On 17 July, the former Parliamentary Under-Secretary of State for Communities and Local Government, my hon. Friend the Member for Bromley and Chislehurst (Robert Neill), made a statement to the House that the Local Government Association and local government trade unions had started informal consultations with their respective memberships on designs for a new local government pension scheme to be in place by 2014.
Those informal consultations are now concluded. I can report to the House that in a joint statement issued by the Local Government Association and local government trade unions on 30 August, 90% of employers; 90% of Unison members; 95% of GMB members and 84% of Unite members, were in favour of the proposed scheme design. A copy of the joint statement can be found at: www.lgps.org.uk. A copy of the statement has been placed in the Library of the House.
In a letter to the Local Government Association of 30 May, my hon. Friend the Member for Bromley and Chislehurst, agreed that a favourable outcome of the informal consultation would enable the Department to move directly to a statutory consultation exercise in the autumn to implement these proposals. I can now confirm that we will be consulting on draft regulations to implement the matters set out below at the earliest opportunity and will also be seeking an agreed position on other issues that the Local Government Association and the trade unions have proposed, such as scheme governance and cost control.
The intention remains to have the new scheme regulations in place to coincide with the next scheme valuation in 2013 to enable local fund actuaries to reflect elements of the new design in this process before the reformed scheme comes into operation in 2014 and to give software and payroll providers sufficient time to establish and test procedures for the scheme after April 2014.
The main parameters forming the basis of the forthcoming statutory consultation are set out below:
A start date of April 2014 with core elements of the new scheme regulations in place by March 2013.
A pension scheme design based on career average and actual pay.
An accrual rate of 1/49th of pensionable earnings each year.
Revaluation of active members’ benefits in line with a price index (currently consumer prices index).
A normal pension age equal to the state pension age, which applies both to active members and deferred members (new scheme service only).

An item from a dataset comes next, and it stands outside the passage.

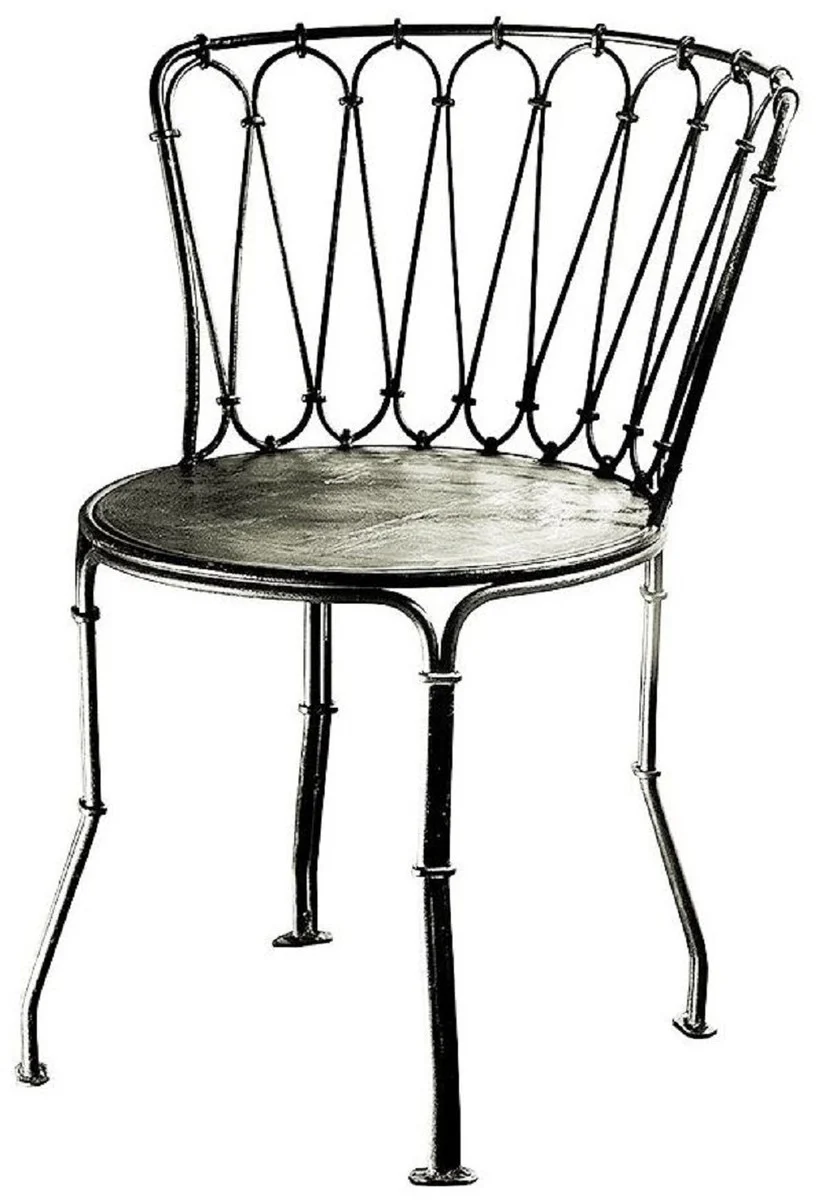 Casa Padrino silla de jard¨ªn Art Nouveau de lujo de hierro forjado plata A. 81 cm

If a member’s state pension age rises, then normal pension age will do so too for all post-2014 service.
A low cost optional arrangement allowing 50% of main benefits to be accrued on a 50% contribution rate.

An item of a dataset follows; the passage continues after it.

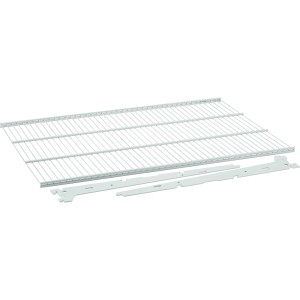 Biała metalowa półka z drutu (60x43x7,2 cm) z dwoma wspornikami do montażu na ścianie.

Pensions in payment to increase in line with a price index (currently consumer prices index).
Benefits to increase in any period of deferment in line with a price index (currently consumer prices index).
Average member contribution yield of 6.5%, with tiered contributions.
Optional lump sum commutation at a rate of £12 of lump sum for every £1 per annum of pension foregone in accordance with Her Majesty’s Revenue and Customs (HMRC) limits and regulations.
Early/late retirement factors from age 55 on an actuarially neutral basis
A vesting period of two years.
Spouse and partner pensions to continue to be based on an accrual rate of 1/160 and three times death in service benefit.
Ill-health retirement pensions to be based on the current ill-health retirement arrangements.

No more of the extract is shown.